A ready-made portfolio which could be used for this purpose, though it is income-oriented, is our balanced income, higher risk model, Kilo. It invests mainly in UK and overseas equity funds, plus one bond fund for diversification.

Funds for passing on your pension

As a consequence of the rule changes introduced along with pensions freedom, it is now a very tax-efficient option to pass on your pension pot on death to beneficiaries.

If you die before 75 it can be passed on as a lump sum tax-free; if you die after 75, from April 2016 it will be taxed as earned income. So if you already have a good pension, or have other savings that you can use, you may prefer to leave your pension to accumulate for beneficiaries.

The best funds for this purpose are likely to be those focusing on long-term growth.
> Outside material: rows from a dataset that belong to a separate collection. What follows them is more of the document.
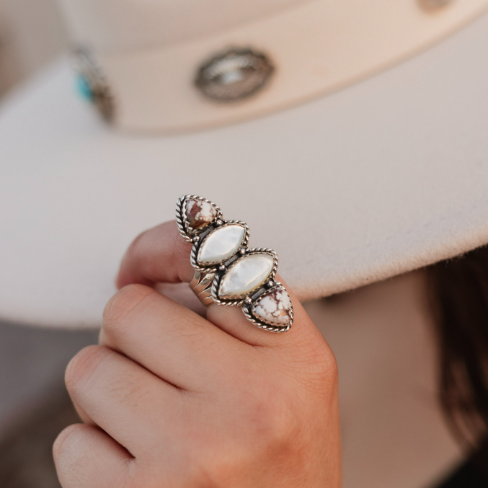 Krush Exclusive White Shell Crawler Ring-Crawler Rings-Krush Kandy, Women's Online Fashion Boutique Located in Phoenix, Arizona (Scottsdale Area)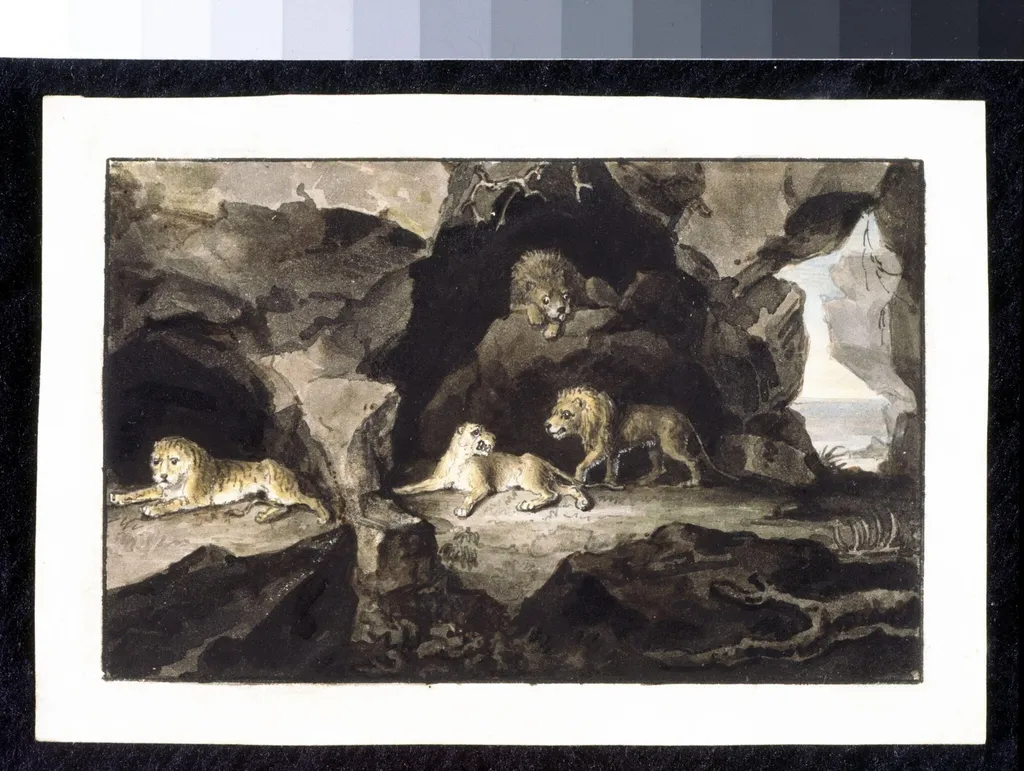 Lions and Lionesses, by Unknown, watercolor, 1810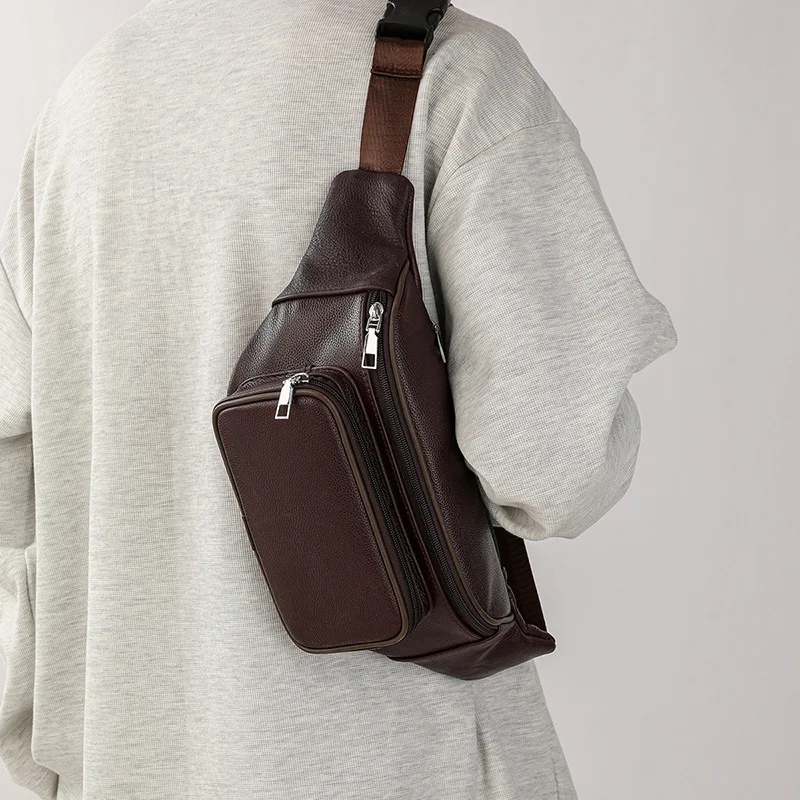 New Men's Chest Bag, Fashionable Genuine Leather, New Unisex Cowhide Single Shoulder Casual Shoulder Bag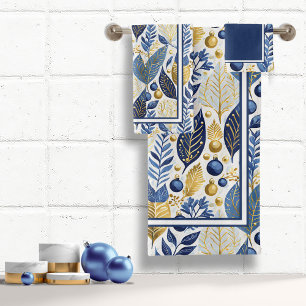 Blauw Goud Kerstmis Vrolijk Patroon#21 ID1009 Bad Handdoek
Three of our Rated Funds that we would recommend are Fundsmith Equity, Lindsell Train Global Equity and Scottish Mortgage investment trust. All three funds invest globally in a range of high-quality businesses, strong brands and companies with strong growth potential.

Among our ready-made portfolios, the growing income, higher-risk version Lima could fit the bill. Investors can opt for income to be reinvested into the funds to boost growth. Scottish Mortgage is one of the constituents, along with a range of other funds and trusts invested in UK and international equities.

This article is for information and discussion purposes only and does not form a recommendation to invest or otherwise. The value of an investment may fall. The investments referred to in this article may not be suitable for all investors, and if in doubt, an investor should seek advice from a qualified investment adviser.